I've hit the motherload of hornet's nests this year and found 2 big ones and a little one.  What is the best way to get them without causing "an incident?"  On one note, the one I checked did still have hornets in it and I can still run as fast as I used too.


----------



## fishfryer (Nov 25, 2011)

The weather hasn't been cold enough yet.
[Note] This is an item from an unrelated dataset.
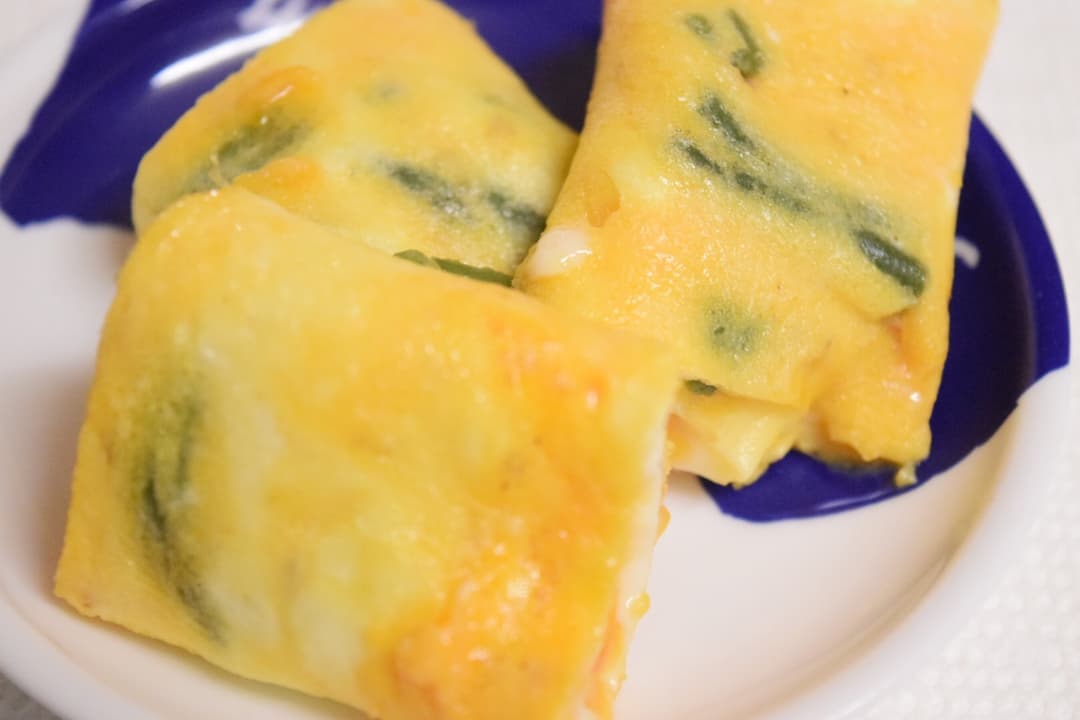 いんげんの胡麻和えの玉子焼き★の完成写真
Late January or February would be more appropriate.


----------



## doofus (Nov 25, 2011)

when it gets really cold (below freezing). go out before daylight with a big garbage bag and some gasoline in a small bottle..if its low enough slip the bag over the nest, pour in a little gas and wire the bag shut....leave it til afternoon then carefully cut the limb off and remove the bag...hang it outside till the gas fumes dissapate all the hornets should be in the bag...watch it for a couple of days while it airs out cause the last thing you want is a house full of upset bugs with high powered weapons....


----------



## Bow Only (Nov 26, 2011)

doofus said:


> when it gets really cold (below freezing). go out before daylight with a big garbage bag and some gasoline in a small bottle..if its low enough slip the bag over the nest, pour in a little gas and wire the bag shut....leave it til afternoon then carefully cut the limb off and remove the bag...hang it outside till the gas fumes dissapate all the hornets should be in the bag...watch it for a couple of days while it airs out cause the last thing you want is a house full of upset bugs with high powered weapons....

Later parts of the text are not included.